• _WHAT YOU SHOULD DO_:
What appears from the first line of the records below through the line containing "Steve Madden 37" must be reproduced verbatim.

• _Items from a dataset_:
+ + + + + + +
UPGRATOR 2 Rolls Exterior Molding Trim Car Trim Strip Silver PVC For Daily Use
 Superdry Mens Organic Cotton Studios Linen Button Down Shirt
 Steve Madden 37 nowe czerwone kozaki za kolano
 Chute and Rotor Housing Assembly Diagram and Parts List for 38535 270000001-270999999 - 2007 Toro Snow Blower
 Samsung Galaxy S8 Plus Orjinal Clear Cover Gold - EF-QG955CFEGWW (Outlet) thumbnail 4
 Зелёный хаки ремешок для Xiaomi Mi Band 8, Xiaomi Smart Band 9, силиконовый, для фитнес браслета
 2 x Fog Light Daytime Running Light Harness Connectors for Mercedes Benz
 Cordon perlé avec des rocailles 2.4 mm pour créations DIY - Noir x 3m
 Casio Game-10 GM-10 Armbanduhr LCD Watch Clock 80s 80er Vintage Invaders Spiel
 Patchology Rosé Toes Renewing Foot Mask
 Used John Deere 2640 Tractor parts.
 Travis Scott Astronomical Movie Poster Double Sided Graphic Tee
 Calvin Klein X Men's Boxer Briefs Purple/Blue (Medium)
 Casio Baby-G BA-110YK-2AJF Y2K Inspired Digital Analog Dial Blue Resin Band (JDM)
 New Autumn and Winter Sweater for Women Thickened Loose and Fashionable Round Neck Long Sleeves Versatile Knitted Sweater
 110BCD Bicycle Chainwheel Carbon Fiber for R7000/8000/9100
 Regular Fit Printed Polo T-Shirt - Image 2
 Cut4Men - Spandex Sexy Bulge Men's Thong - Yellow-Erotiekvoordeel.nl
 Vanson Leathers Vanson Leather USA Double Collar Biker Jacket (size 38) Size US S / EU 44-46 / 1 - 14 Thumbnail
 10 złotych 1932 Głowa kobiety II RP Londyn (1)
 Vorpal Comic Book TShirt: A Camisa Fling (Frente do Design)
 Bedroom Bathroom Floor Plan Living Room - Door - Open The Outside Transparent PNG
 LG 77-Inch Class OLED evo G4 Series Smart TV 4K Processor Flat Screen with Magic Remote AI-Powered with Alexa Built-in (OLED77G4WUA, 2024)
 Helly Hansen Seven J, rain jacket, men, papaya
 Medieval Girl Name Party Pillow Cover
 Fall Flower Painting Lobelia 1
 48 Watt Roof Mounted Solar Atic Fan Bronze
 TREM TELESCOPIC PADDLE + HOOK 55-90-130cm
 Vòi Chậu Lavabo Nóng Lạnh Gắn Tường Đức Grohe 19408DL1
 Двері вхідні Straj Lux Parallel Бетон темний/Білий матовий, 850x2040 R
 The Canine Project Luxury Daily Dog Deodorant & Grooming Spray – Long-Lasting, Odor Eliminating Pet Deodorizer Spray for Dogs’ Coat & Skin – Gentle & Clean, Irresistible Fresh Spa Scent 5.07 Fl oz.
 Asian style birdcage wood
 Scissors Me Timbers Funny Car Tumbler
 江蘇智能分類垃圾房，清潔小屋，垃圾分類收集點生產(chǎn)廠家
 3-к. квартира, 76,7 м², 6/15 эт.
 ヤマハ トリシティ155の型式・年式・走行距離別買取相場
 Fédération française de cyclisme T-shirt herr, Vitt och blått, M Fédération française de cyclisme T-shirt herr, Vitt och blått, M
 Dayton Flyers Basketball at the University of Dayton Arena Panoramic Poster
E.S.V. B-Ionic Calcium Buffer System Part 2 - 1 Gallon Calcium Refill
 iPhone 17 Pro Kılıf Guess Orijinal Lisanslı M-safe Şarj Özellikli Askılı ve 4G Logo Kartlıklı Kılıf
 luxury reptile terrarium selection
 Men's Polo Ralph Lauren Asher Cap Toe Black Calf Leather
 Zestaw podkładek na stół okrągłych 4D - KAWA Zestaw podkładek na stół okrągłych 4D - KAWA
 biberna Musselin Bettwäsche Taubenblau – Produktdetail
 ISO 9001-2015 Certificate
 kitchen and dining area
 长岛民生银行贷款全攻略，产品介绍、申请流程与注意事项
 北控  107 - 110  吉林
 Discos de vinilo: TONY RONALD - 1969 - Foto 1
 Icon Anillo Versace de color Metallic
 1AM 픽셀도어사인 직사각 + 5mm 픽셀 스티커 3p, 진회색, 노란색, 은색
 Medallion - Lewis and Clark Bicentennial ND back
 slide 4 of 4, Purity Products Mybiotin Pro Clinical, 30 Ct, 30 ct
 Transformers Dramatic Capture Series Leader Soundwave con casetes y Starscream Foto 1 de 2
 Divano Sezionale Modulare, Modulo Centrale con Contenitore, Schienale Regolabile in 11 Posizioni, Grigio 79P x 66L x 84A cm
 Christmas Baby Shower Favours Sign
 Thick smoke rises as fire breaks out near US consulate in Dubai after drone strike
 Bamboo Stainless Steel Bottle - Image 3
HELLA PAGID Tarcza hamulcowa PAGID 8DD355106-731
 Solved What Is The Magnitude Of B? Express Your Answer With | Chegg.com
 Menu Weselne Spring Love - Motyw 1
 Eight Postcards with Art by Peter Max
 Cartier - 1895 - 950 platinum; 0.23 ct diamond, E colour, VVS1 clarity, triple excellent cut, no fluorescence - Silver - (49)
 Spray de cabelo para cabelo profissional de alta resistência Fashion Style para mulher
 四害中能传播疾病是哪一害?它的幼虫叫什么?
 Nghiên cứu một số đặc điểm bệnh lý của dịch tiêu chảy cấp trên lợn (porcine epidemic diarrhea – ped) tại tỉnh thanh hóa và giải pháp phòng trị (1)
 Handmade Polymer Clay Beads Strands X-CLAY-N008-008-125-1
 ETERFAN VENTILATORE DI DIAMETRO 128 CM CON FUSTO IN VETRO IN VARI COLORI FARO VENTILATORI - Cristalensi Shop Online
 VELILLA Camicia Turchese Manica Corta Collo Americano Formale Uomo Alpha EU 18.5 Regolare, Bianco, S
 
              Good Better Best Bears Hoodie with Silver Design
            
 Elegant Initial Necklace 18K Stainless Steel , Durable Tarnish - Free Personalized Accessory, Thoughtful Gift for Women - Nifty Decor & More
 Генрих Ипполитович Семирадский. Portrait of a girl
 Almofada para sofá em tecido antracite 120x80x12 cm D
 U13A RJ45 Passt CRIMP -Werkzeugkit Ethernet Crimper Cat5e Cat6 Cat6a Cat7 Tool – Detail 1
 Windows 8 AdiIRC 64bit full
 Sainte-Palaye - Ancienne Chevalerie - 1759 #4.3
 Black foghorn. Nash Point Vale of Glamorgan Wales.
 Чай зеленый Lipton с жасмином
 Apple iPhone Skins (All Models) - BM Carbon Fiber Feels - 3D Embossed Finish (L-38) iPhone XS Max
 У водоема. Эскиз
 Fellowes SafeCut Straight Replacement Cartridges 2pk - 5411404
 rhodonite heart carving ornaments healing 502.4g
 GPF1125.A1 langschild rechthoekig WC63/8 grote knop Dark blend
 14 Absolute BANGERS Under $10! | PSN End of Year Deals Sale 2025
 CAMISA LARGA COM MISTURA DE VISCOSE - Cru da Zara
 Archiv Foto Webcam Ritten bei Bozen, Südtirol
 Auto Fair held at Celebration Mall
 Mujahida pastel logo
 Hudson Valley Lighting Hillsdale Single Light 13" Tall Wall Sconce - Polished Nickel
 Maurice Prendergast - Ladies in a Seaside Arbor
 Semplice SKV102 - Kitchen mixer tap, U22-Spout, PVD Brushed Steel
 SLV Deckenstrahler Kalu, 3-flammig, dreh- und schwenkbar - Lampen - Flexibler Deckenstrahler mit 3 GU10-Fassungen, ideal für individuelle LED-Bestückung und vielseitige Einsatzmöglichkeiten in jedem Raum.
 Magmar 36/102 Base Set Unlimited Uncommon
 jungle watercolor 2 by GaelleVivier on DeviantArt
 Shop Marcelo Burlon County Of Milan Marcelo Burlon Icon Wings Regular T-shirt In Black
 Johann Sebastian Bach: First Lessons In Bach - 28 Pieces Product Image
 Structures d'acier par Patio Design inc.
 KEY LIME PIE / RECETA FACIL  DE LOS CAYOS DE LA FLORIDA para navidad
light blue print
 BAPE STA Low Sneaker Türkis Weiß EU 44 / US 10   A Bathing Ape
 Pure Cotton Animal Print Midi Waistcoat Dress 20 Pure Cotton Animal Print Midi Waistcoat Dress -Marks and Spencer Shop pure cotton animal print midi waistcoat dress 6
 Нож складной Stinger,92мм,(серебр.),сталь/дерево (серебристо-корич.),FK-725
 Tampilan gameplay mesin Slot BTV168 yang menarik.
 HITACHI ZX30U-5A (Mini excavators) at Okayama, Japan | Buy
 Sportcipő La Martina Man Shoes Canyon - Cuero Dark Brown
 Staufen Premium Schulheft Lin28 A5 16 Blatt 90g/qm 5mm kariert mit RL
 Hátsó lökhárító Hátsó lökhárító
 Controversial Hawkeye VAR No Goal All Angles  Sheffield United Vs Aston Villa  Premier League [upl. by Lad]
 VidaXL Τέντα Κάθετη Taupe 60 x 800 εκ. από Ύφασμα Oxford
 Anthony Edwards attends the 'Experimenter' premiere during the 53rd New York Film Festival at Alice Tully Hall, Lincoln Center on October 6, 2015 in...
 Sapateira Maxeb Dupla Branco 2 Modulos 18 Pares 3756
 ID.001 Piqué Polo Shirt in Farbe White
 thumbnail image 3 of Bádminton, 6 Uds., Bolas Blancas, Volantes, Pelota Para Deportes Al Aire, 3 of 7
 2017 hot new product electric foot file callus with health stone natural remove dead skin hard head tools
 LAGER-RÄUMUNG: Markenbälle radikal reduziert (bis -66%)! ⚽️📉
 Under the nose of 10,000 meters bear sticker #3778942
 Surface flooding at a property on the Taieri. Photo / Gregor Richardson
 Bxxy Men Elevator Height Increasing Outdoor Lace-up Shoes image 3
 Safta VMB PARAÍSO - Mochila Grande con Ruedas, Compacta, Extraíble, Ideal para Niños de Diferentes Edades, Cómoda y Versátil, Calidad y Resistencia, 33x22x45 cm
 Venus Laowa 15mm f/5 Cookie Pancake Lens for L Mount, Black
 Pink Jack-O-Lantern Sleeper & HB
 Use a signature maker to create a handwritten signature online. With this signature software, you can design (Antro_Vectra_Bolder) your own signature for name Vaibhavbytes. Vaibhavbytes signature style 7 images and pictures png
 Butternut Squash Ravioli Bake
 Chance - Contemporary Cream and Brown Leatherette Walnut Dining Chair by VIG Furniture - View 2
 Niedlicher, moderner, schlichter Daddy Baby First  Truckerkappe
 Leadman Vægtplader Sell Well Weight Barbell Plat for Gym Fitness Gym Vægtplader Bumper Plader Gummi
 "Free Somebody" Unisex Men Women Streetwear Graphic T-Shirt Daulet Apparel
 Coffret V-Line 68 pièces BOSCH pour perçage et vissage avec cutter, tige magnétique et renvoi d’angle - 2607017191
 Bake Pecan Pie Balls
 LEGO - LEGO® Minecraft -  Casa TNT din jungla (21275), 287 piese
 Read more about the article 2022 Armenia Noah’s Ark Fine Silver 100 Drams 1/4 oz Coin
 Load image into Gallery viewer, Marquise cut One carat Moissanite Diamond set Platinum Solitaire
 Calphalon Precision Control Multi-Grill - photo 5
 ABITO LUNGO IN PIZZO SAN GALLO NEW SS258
+ + + + + + +
• _RESPONSE TO THE TASK_:
UPGRATOR 2 Rolls Exterior Molding Trim Car Trim Strip Silver PVC For Daily Use
 Superdry Mens Organic Cotton Studios Linen Button Down Shirt
 Steve Madden 37 nowe czerwone kozaki za kolano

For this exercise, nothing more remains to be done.